= Central East African Railways =

Central East African Railways is a consortium formed in 1999, led by the Railroad Development Corporation, which won the right to operate the Malawi Railways network. The company was sold in September 2008 to INSITEC, an investment group based in Mozambique.

== Operations ==
It mainly manages the Sena railway line, which currently links the railway stations of Blantyre/Limbe, Nkaya, Chipoka, Salima, Lilongwe and Mchinji. Its concession also includes the sections between Marka, Nsanje, Bangula, Luchenza and Blantyre/Limbe stations, which are currently inoperative.

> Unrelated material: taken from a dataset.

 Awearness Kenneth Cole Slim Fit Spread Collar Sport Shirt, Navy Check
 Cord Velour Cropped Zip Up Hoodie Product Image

In 2010, a multinational mining company Vale (with CEAR and Mozambique Ports and Railways) managed to sew the formation of the joint venture "Integrated Northern Logistical Corridor Society", for the administration of the Nacala railway, having permission to build the railway extension to the coal belt of Benga-Moatize, where the mining company has mineral exploration concessions. The extension departed from the Nkaya interconnection station and continued to Moatize, being completed in 2017. The project includes an export terminal and a coal storage yard at the port of Nacala-a-Velha.
This subsidiary therefore manages the Malawian sections of the Nacala railway line between Nayuchi, Liwonde, Nkaya (junction railway station) and Mwanza stations.